Field of Ruin - Illustration by Chris Ostrowski

Field of Ruin | Illustration by Chris Ostrowski

Every deck needs answers to your opponents’ threats. Whether all at once or one at a time, you need options to get rid of what’s in the way of your ultimate goal and win the game.

Every color has its quirks when it comes to removal, but what can you expect from colorless removal? Which cards give you the most for what you put in, and how can these pieces fit into your decks? Let's dive in and find out!

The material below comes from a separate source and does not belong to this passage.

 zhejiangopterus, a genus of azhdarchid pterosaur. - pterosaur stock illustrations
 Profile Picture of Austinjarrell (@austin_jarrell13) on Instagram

What Is Colorless Removal in MTG

The Filigree Sylex - Illustration by Leanna Crossan

The Filigree Sylex | Illustration by Leanna Crossan

Removal spells can move permanents from the battlefield to hard-to-reach places, like the graveyard, exile, or the bottom of their controller’s library. This can be done with “destroy” or “exile” rules text, by reducing a creature’s toughness, by dealing damage to a creature or planeswalker, and through forced sacrifices. Colorless removal has no colored mana pips in its casting cost or rules text.

Most of the artifacts in Magic are colorless, so it stands to reason that lots of colorless removal options are artifacts. Colorless is also the color of the Eldrazi, so expect to read about a few of them here. Lands are also permanents with colorless identities, and some of them have sacrifice-to-remove abilities.

Annihilator is a common mechanic on colorless removal creatures, forcing a defending player to sacrifice permanents when the annihilator creature attacks. Artifacts that act as removal often ask you to sacrifice them to gain their effect. Some artifacts also have the strength of their removal determined by counters (often charge counters) that you’ve pumped into them before activating the removal.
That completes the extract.